» **INPUT RECORDS**:
====================
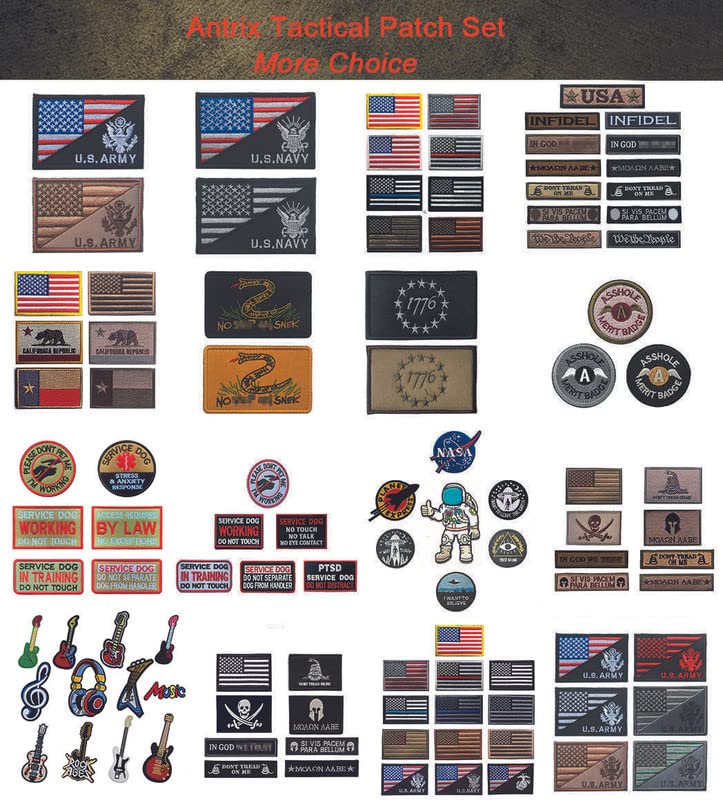 Antrix 2 Pieces Service Dog Emt Ems Medic Paramedic Star Of Life Vests/Harnesses Warning Emblem Embroidered Fastener Hook & Loop Emotional Support Animal Patch For Dogs Harness Dogs Vest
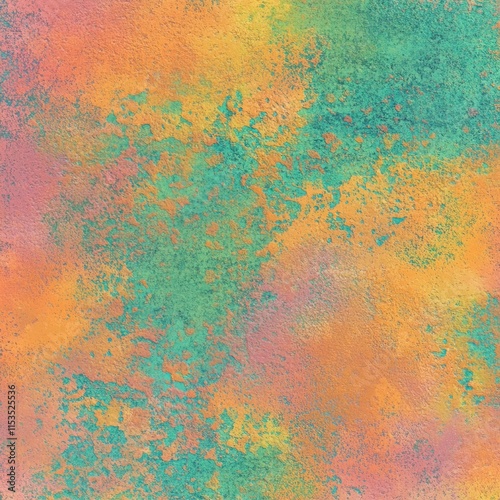 Abstract Textured Background: Teal, Orange, and Pink Hues with a Distressed, Rough Surface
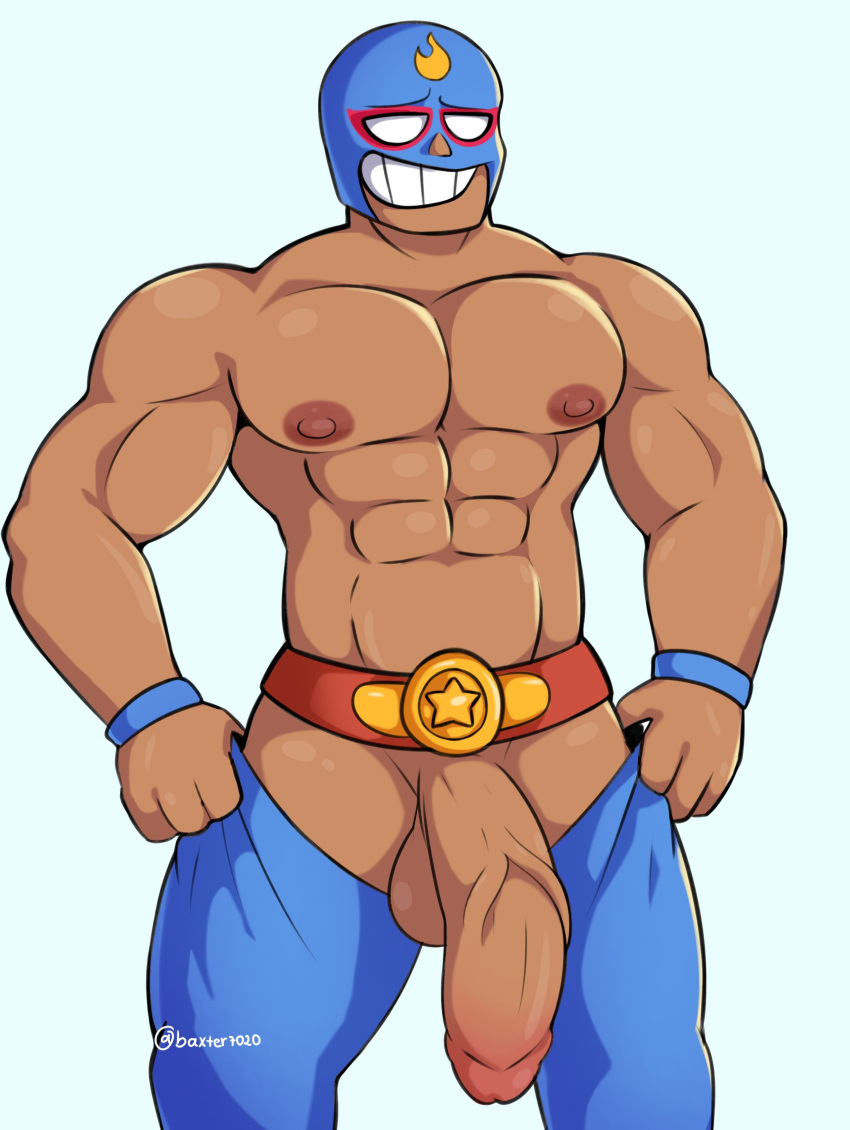 bara baxter7020 baxtertvin big_pecs big_penis brawl_stars el_primo_(brawl_stars) gay male_focus male_only muscles muscular muscular_male nipples penis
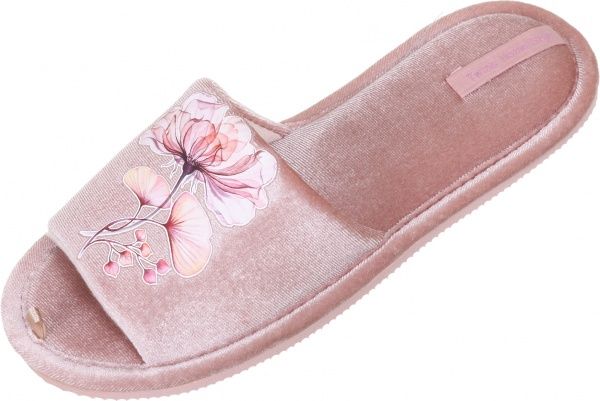 Капці домашні Twins HS-VL велюр з наліпкою р. 36/37 бежевий 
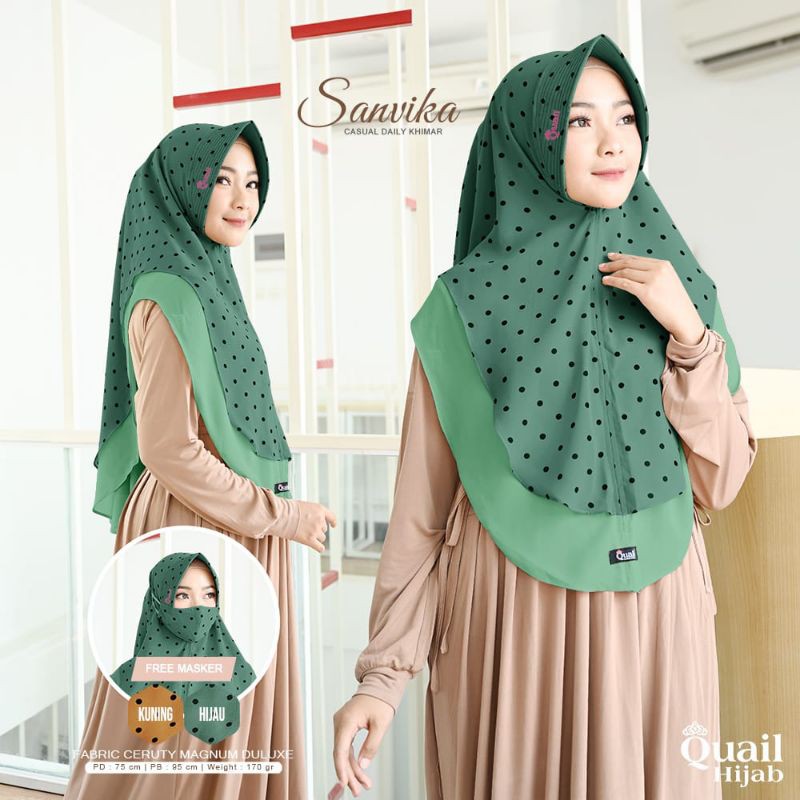 Sanvika Khimar Motif Quail Hijab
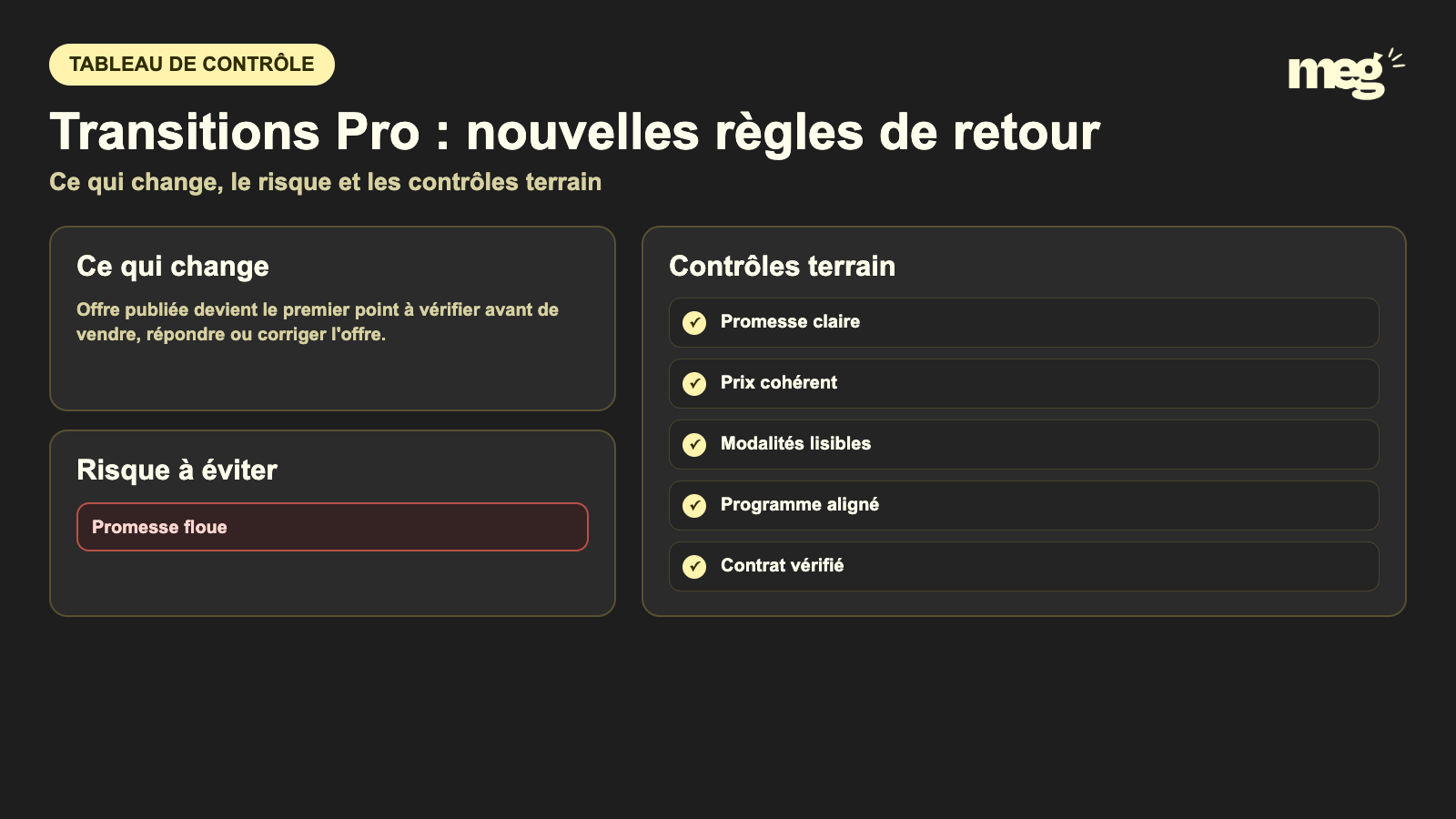 Transitions Pro : nouvelles règles de retour - schema de verification Organisme de formation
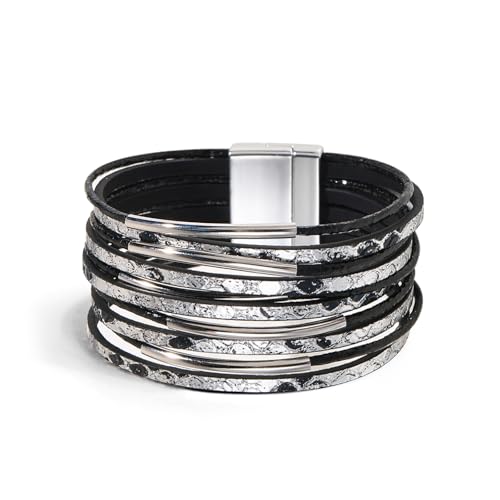 VIBILIA Boho Leather Wrap Bracelets for Women Men Multi-Layer Bracelets with Strong Clasp Western Jewelry - color: 10-Simple Style-Black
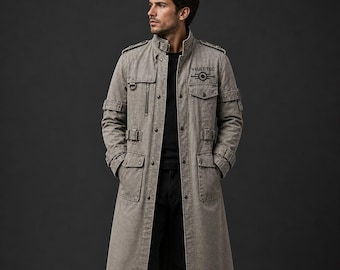 Herren Fallout Vault-Tech Trenchcoat, Post-Apokalyptische Cosplay Jacke, Segeltuchmantel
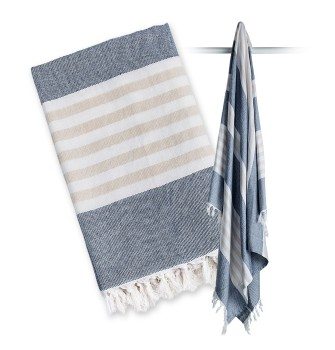 Lulujo Baby Navy & Oatmeal Turkish Towel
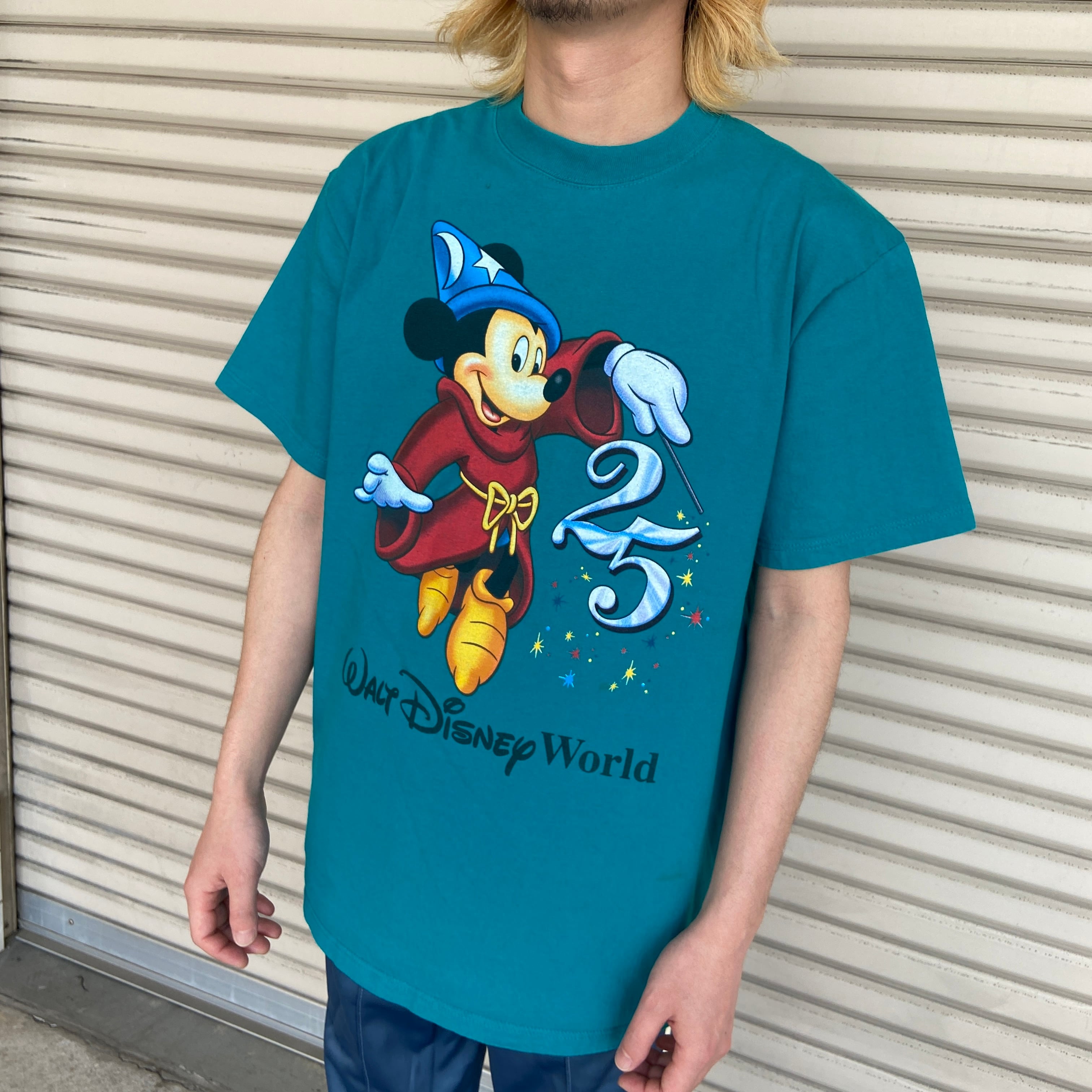 ファンタジアミッキーマウスヴィンテージTシャツグレーM ディズニーワールド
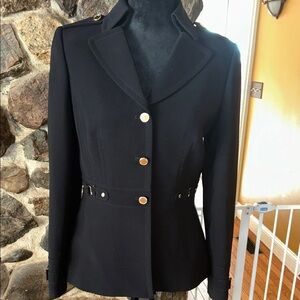 Tahari Women's Black Blazer with Gold Accents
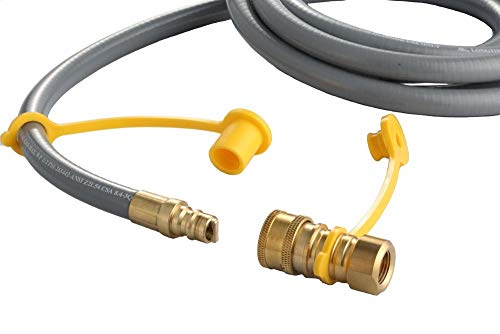 KIBOW 12Ft 3/8 Inch ID Low Pressure Natural Gas and Propane Gas Hose Assembly-CSA Certified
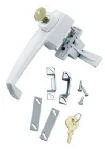 Keyed Button Door Latch For Out Swinging Doors, White Finish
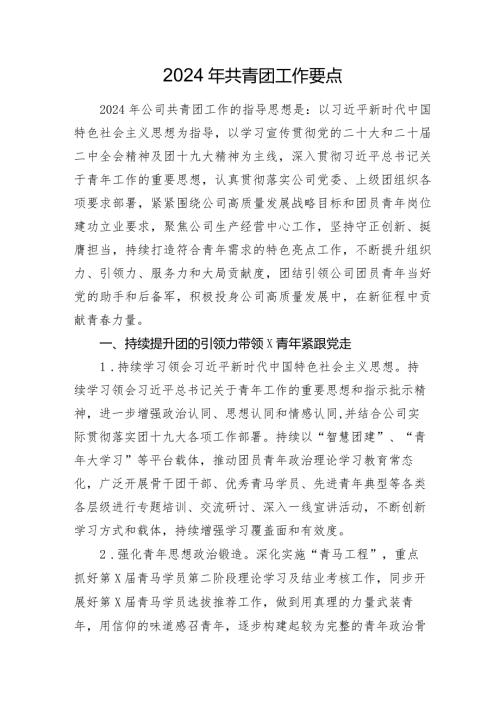 公司企业2024年共青团工作要点计划.docx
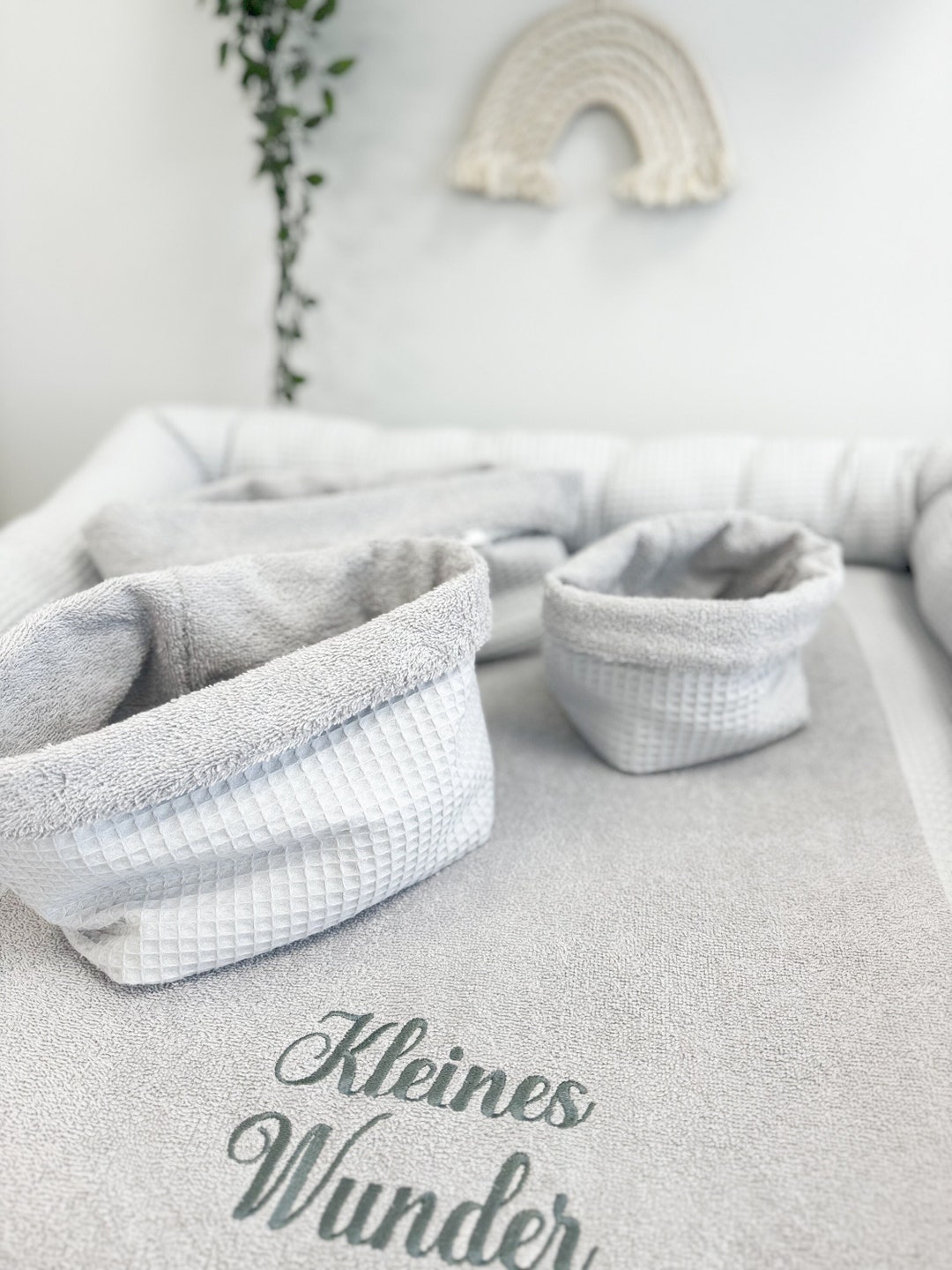Color Changing Pad Gray Solid Colour Changing Pad With Long Pillow and Baskets, Baby ...
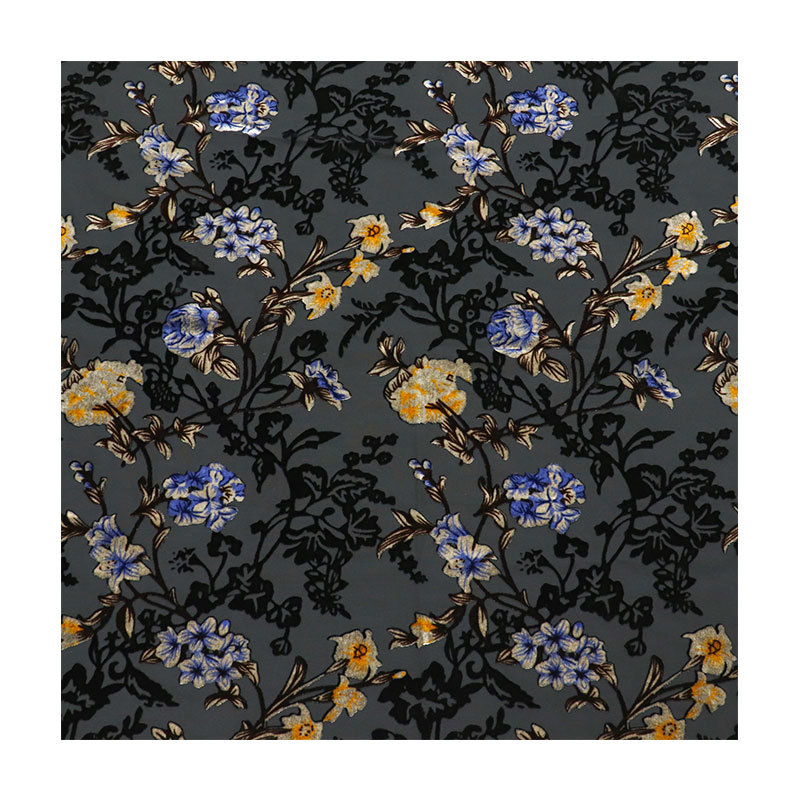 Picture of Factory Wholesale Woven Velvet Brocade Viscose Printed Burnt Flower Velvet Fabric Nightgown Dress Cheongsam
====================
» **PROBLEM DETAILS**:
Only what runs from the line containing "Herren Fallout Vault-Tech" through the end of the entries above should be extracted, exactly and without pictures.

» **OUTPUT OF THE TASK**:
 Herren Fallout Vault-Tech Trenchcoat, Post-Apokalyptische Cosplay Jacke, Segeltuchmantel
 Lulujo Baby Navy & Oatmeal Turkish Towel
 ファンタジアミッキーマウスヴィンテージTシャツグレーM ディズニーワールド
 Tahari Women's Black Blazer with Gold Accents
 KIBOW 12Ft 3/8 Inch ID Low Pressure Natural Gas and Propane Gas Hose Assembly-CSA Certified
 Keyed Button Door Latch For Out Swinging Doors, White Finish
 公司企业2024年共青团工作要点计划.docx
Color Changing Pad Gray Solid Colour Changing Pad With Long Pillow and Baskets, Baby ...
 Picture of Factory Wholesale Woven Velvet Brocade Viscose Printed Burnt Flower Velvet Fabric Nightgown Dress Cheongsam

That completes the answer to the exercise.